Ci sono tanti modi di andare in moto. C'è quello che non è contento se non può tirare i 220 in autostrada, e quello che se non ti passa a tre mm all'interno della curva non si sente realizzato. Ci sono quelli della moto "perfetta", e quelli della moto "vissuta". Ci sono anche quelli che chiamano "moto" il TMax, e via così, potrei continuare per ore (solo per descrivere le diverse tipologie di harleysti ci vorrebbe un'enciclopedia).
A meno che non sia un motociclista adulto (non nel senso di età, ma nel senso di capacità di ragionamento), difficilmente chi appartiene a una categoria apprezza moto differenti. E, dato che le RE -le Bullet in particolare- appartengono a una categoria piuttosto "speciale", è più facile trovare chi non le capisce, chi non la apprezza, chi ne sparla per partito preso (ah, la paura del diverso... quel tarlo maligno che si insinua nell'animo di chi crede di essere al top, di essere nel giusto, e vede felici altri che hanno fatto scelte diverse...).
Io -è noto- reputo il relativismo una disgrazia per l'umanità (più o meno come la trap, anche se più incisivo, e del resto quella è figlia di quello); e però, in certi casi, riconosco la necessità che gli "accessori", i giocattoli, che usiamo, siano adatti alla personalità di ciascuno; e a chi critica la mia Blackie rispondo sempre capovolgendo l'argomento: "Eh, ma va piano!" "Perché, tu vai sempre in autostrada?", e così via. Mi piace -lo confesso- mettere in crisi le certezze di chi crede che la "sua" moto sia "il massimo" perché va più veloce, perché è ipertecnologica, perché ce l'hanno tutti, perché questo e perché quello: certo, il rischio che il mio disprezzo (non per le moto, ma per le apodittiche certezze del proprietario) non sia percepito, c'è. Ma se uno è un caso disperato, non può guarirlo neanche una Bullet.

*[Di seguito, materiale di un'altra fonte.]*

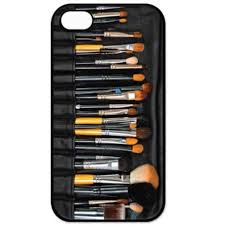 mua makeup brush set phone case for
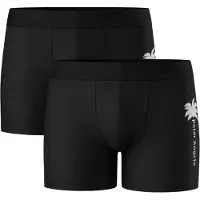 Palm Angels Zwarte Boxer Shorts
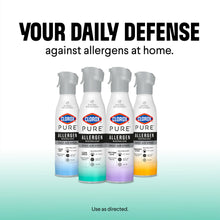 Clorox PURE daily air spray bottles set of four with gray triggers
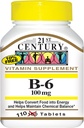 Siglo 21 B-6 100 mg - 110 Tabletas, Pack de 6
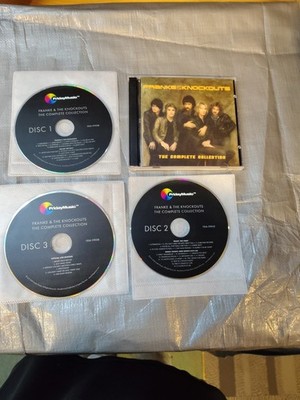 2018 Franke & The Knockouts The Complete Collection 3 cd set.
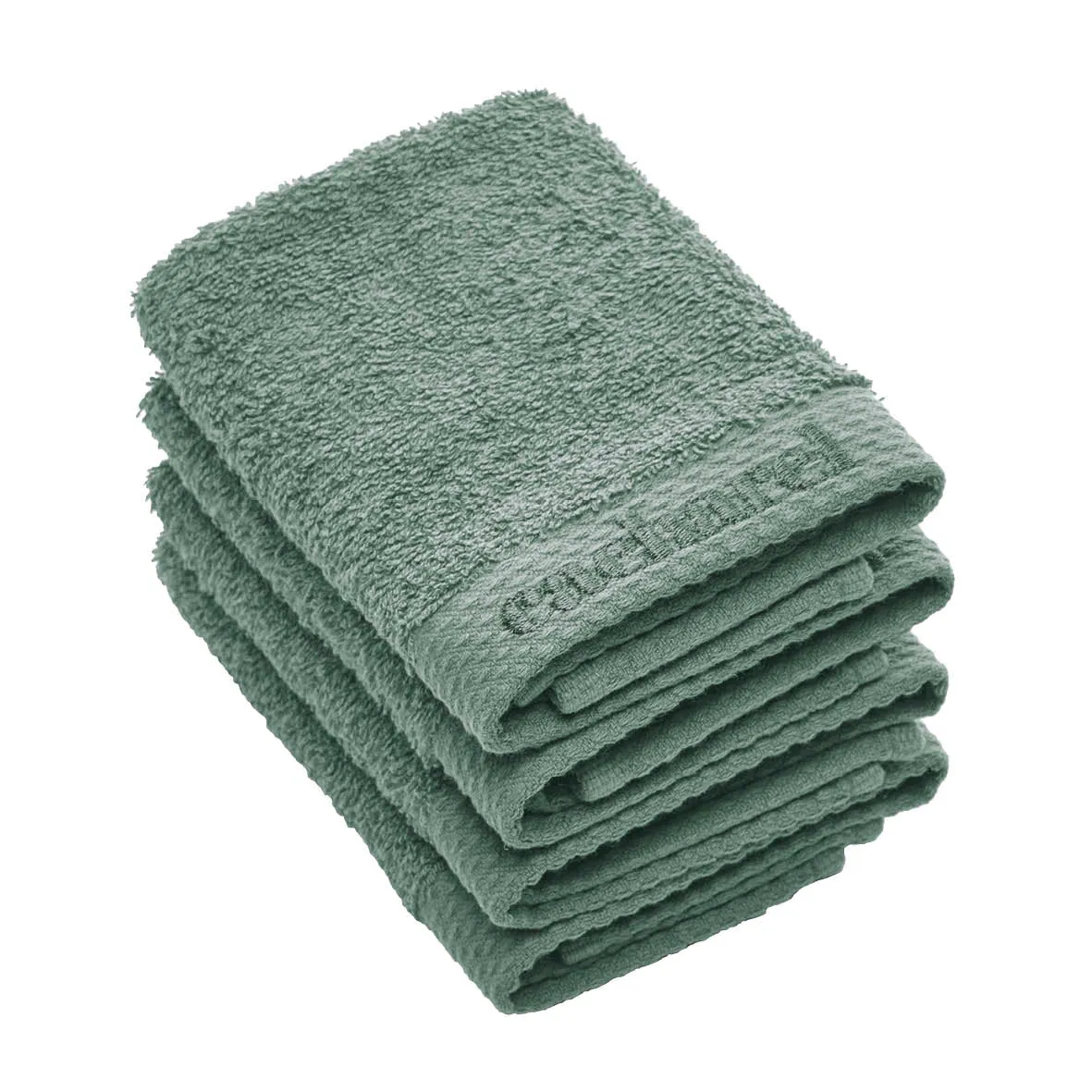 4 guest towels - 30 x 30 cm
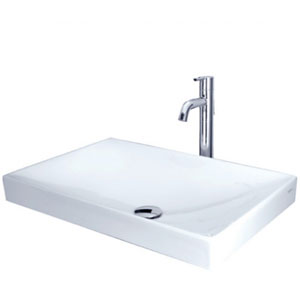 Chậu rửa lavabo TOTO LW1616CB#XW - Image 6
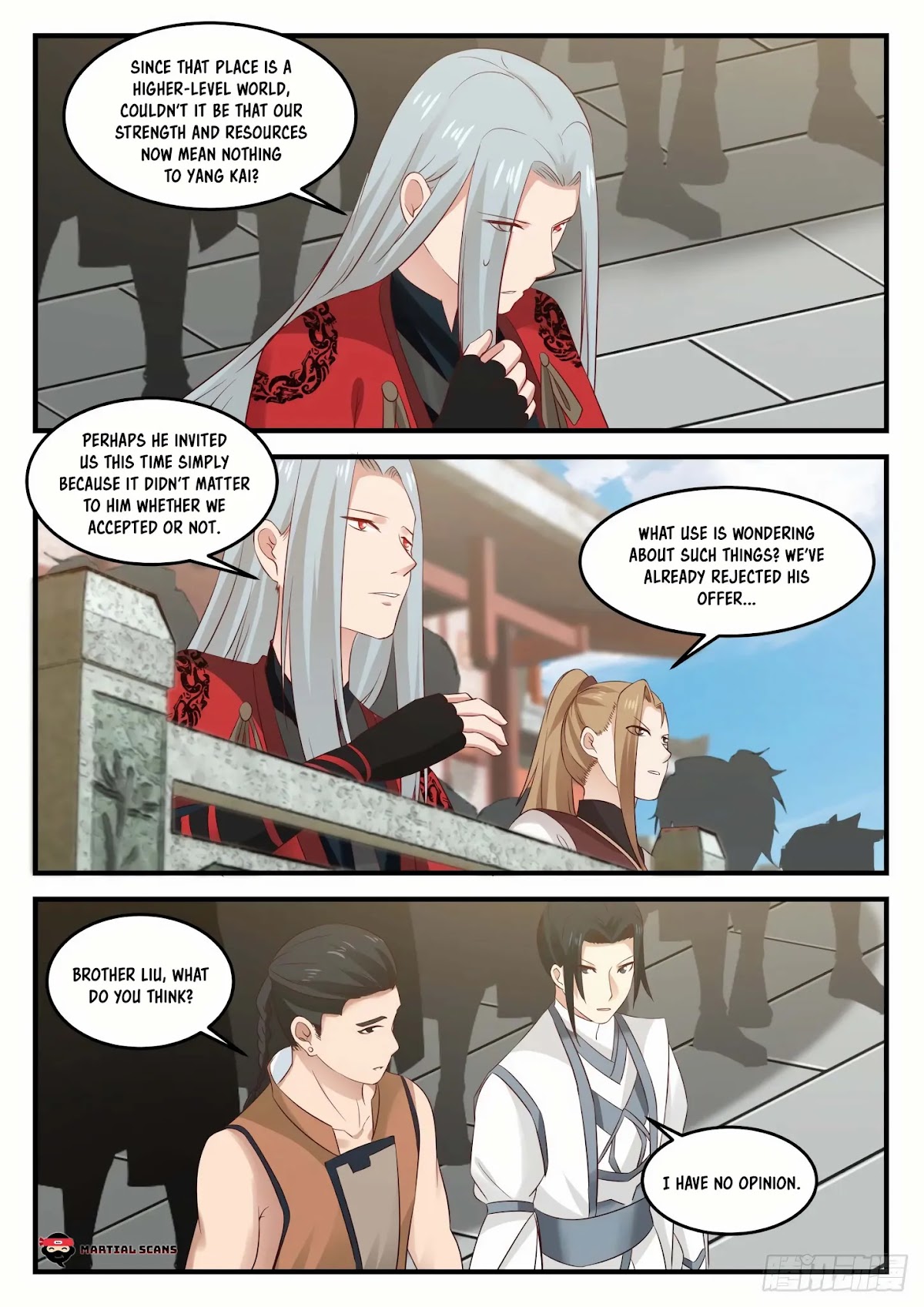 Martial Peak Chapter 800 page 9 - Chapter 800: People Have Their Own Paths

Noi royalisti, noi Royals, siamo gli ultimi Cavalieri della Libertà: la libertà di andare in moto senza condizionamenti imposti dalle mode, dal mercato, dalla tecnologia, dalla stupidità, a volte perfino dalle norme. La libertà di "andare piano" in un mondo che vuole solo correre, la libertà di viaggiare in un mondo in cui conta solo la meta. La libertà, soprattutto, di essere consapevoli che la perfezione, nel mondo, non esiste (a meno che non abbiate come riferimento Scarlett Johansson a 25 anni, ma è un caso unico), e che quindi anche noi possiamo concederci di non essere perfetti senza sentirci in colpa. Ma vaglielo a spiegare, a uno col Tmax...
mr-r
SatyajitRay wrote [...] più di una persona mi ha chiesto: "Ma tu sei arrivato dall'Italia con quella?" [...]
Ho fatto il viaggio di nozze con la mia Classic Chrome. Circa 3.000 km in 15 giorni tra Francia a Spagna.
A Cadaqués (uno spettacolare paesino della costa Brava) il gestore di un ristorante, motociclista anche lui, non ci credeva che fossimo arrivati da Milano in moto. E' stato così gentile da offrirmi tutta l'assistenza possibile nel caso avessi guasti meccanici (nel frattempo mi toccavo i gemelli di famiglia).
Ad un area di servizio in autostrada (purtroppo ogni tanto tocca prenderla) nei pressi di Montpellier un motociclista francese su BMW K16000 è rimasto imbambolato 10 secondi quando gli ho raccontato il giro che abbiamo fatto.
Poi è vero che, se uno vuole, si fa tutto con tutto, ma è anche inutile nascondersi dietro un dito: 3.000 km su una granturismo sarebbero stati un viaggio molto più comodo che su una Royal Enfield. Forse con meno gusto, ma sicuramente più comodo.